Wikipedia:Featured article candidates/The Giver/archive3

From Wikipedia, the free encyclopedia

The Giver[edit]

Self-nom (this is the article I hack upon when my insomnia starts biting me). It has been up for FA twice before, once nominated by me and once by SocratesJedi. Anon edits have snipped away the POV bits mentioned the last time. It is now more thoroughly footnoted and referenced than many FAs, and it includes material hard to find elsewhere on the Web (thanks to things like "newspapers"). Anville 06:32, 24 Jun 2005 (UTC)

  • Conditional support, there are a mix of rererence styles used throughout the article, please adjust them so they're all using the same system and the numbers in the text match the notes.--nixie 06:50, 24 Jun 2005 (UTC)
All citations are now done using footnotes instead of inline hyperlinks. Anville 18:44, 25 Jun 2005 (UTC)
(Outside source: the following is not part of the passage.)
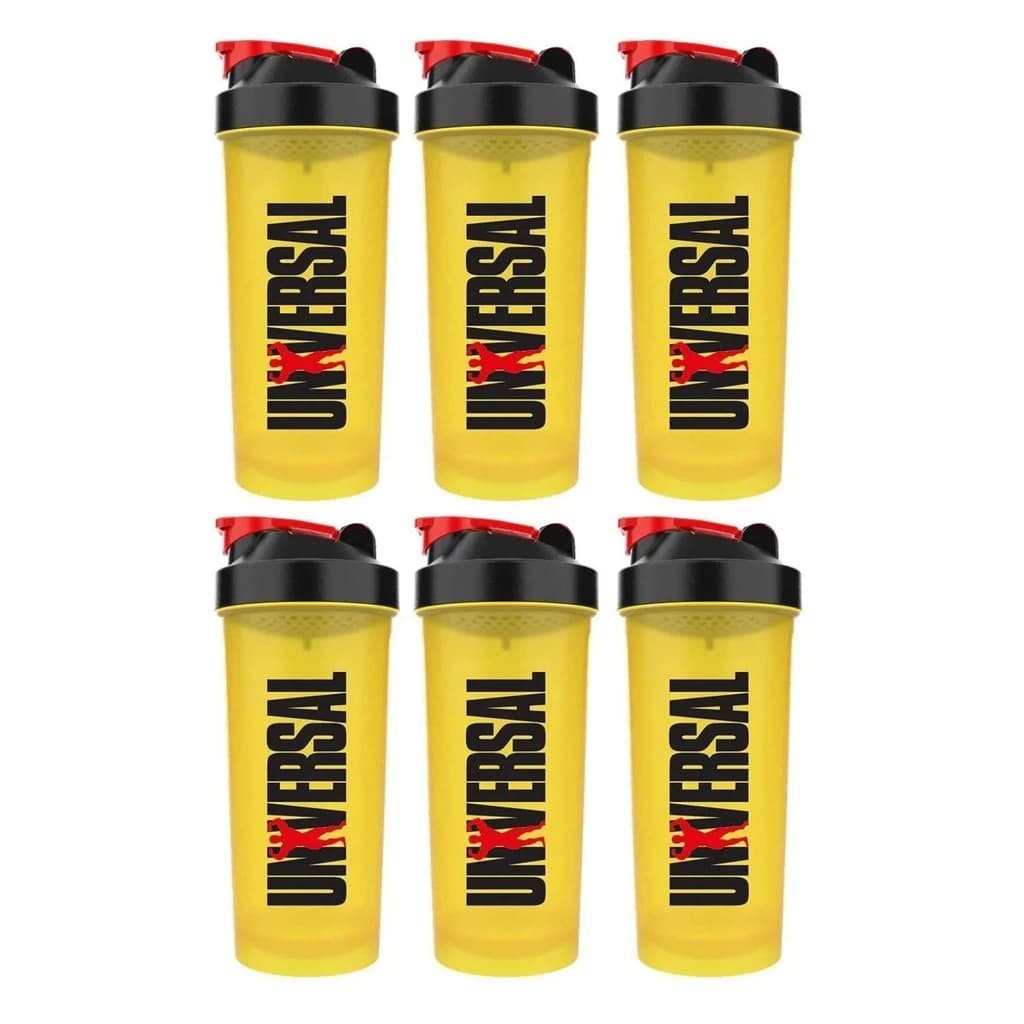 Kit 6 Coqueteleira Shakeira Universal Amarela 600ml Academia Treino Musculação Shake Exclusiva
  • Support A well written article on an interesting topic. Just one thing I would like to see addressed. The plot summary is rather dry visually. This may have to do with the lack of links, but I think it could be improved. See The Brothers Karamazov for an example of how this could possibly be changed. Also, on the same note, some of the sections are rather long and dull as well. This is often a difficult thing for literature articles, but maybe some pictures could be added? Anyways, these are minor quibbles and I still support whether the article is changed or not. --Omni gamer 06:52, 24 Jun 2005 (UTC)
  • I gather in reading this that it is geared towards the middle-school age level, like 12 or so? I don't think that's made sufficiently clear, a mention in the intro or something like that would be nice. Also I'd like to see a little more detail about the controversy. How strong is the content to which some of these parents are objecting? That's not a vote, by the way, but I'd lean towards support if those things were addressed. Everyking 07:42, 24 Jun 2005 (UTC)
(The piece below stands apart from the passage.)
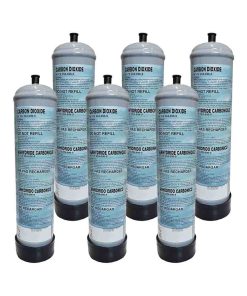 6 Bombole CO2 monouso 600gr. per acquari con attacco M10x1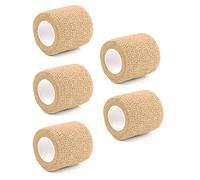 Bende coesive, autoadesive non tessute elastiche per lo sport, nastro per polso e caviglia, morbido e traspirante, 5 rotoli da 2,5 cm x 4,5 m, marrone chiaro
    • To amend that last part, upon reading more of the article I think I understand the controversy, but maybe it should be made a little more clear. Everyking 07:48, 24 Jun 2005 (UTC)
  • Support. A very well-written article. Some pictures would be nice, but this is a literary article, so that's less of a possibility; with that in mind, I think it's definately featured-article status. Almafeta 16:59, 24 Jun 2005 (UTC)
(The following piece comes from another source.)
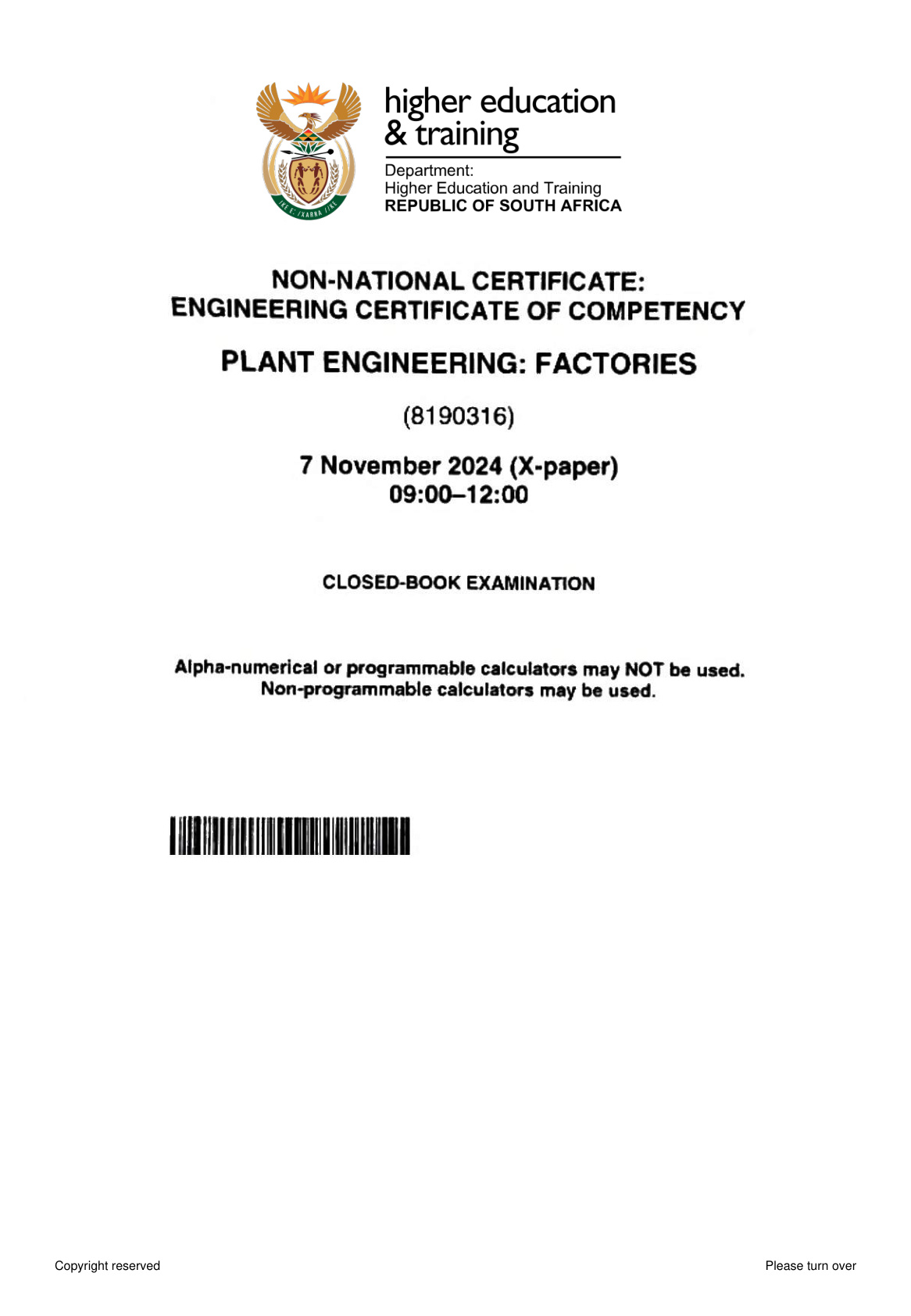 Plant Engineering Certificate of Competency November 2024 Paper X - Question Paper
  • <Jun-Dai 17:54, 24 Jun 2005 (UTC)> The opening section should contain information on the relevance of the topic. What impact has The Giver had on society, and why should anyone care about it? Is this book widely read? Did it spark a literary revolution? or a revolution in the US or any other educational system? Did it cause riots? Is it still selling a good number of copies after 12 years, or has it mostly been forgotten? I'm not saying that the book has to have been revolutionary to deserve an article or get FA status, but it should at least provide some scope in the opening passage with regards to the book's significance. In fact, I would cut down the synopsizing in the first paragraph, since the first section after that is the plot synopsis. Additionally, the plot summary should be shorter. We don't need a long overview of the plot in an encyclopedia.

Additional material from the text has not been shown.